Consider a school district in Florida that covers 70 square
miles. Originally all skilled craftspeople went to work at the central
maintenance facility each morning. They picked up their work assignments and went to the
individual school. They worked until completion then went back to the central facility (unless
they couldn't finish, in which case they went directly back to the school the next day after
authorization from their craft supervisor).
In many cases the mechanic left the school with the job completed and was sent back to a
nearby school (or the same school, even) for a just breaking incident that started after the phone
call. Up to two hours a day and more was spent in valueless travel.
Their first intervention was to divide the department into teams by geographical area and
skill set. This way the teams were closer to their customers both physically and eventually,
emotionally. The problem they created was duplicated support staff and overhead, spot shortages
of certain skills, and no ability to get a hold of the whole group because there now was a new
layer of management.
Technology can allow the department to run with the advantages of both the centralized
and decentralized modes. The technology is as simple as fax machines in each mechanic's home,
cellular phones in all vans, and home Internet E-mail hook-ups for all mechanics. Training and
set-up would be provided by Information Services. Phone lines, cellular phones, fax machines,
terminals and service provider costs were under $20/mo per person. Consider how you could
design a response system with the technology (the possibilities are numerous, design for your
individual situation).
Where possible, the mechanics were assigned to schools near where they lived. In any
case they serviced the same schools where there were no major problems elsewhere. In the new
model the central station dispatchers would show up at 5am to sort through the entire backlog.

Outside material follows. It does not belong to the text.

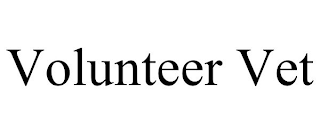 VOLUNTEER VET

They would assign the jobs and fax the work orders directly to the houses of the assigned
mechanics by 6am. Since the dispatchers were in closer contact with the mechanics they could
more accurately predict when service was to be completed.
Perhaps there was an alternate design with a team of mechanics responsible for a group of
schools. The team would elect a point person to coordinate contact with the principals. They
would sort through all of the E-mail and assign by forwarding service requests to the mail boxes
of the closest team member with the requisite skill set. Completed jobs would be posted to
central for adding to the database as well as to the point person.
The mechanics would go to the school and complete the service with the parts and
materials on their truck. If they needed materials they went to designated distributors and charged
the parts to a blanket order pre-negotiated by purchasing. They communicated completed jobs
back to dispatch by the school's fax machine.
After completing the job they would get their next assignment by the school's fax
machine. Unless there was a shortage of their skill set or a relief situation they would stay in their
home region. The cellular phone would be used to change the next job with instructions to report
to a different school and pick-up the work order at the designated fax machine.
Management used E-mail to keep the entire crew up to date with policy memos, training
opportunities, job information, weather projections and campaigns. Principals also used E-mail
to directly talk to their assigned maintenance mechanic. On a monthly basis there was an all
hands meeting to exchange information.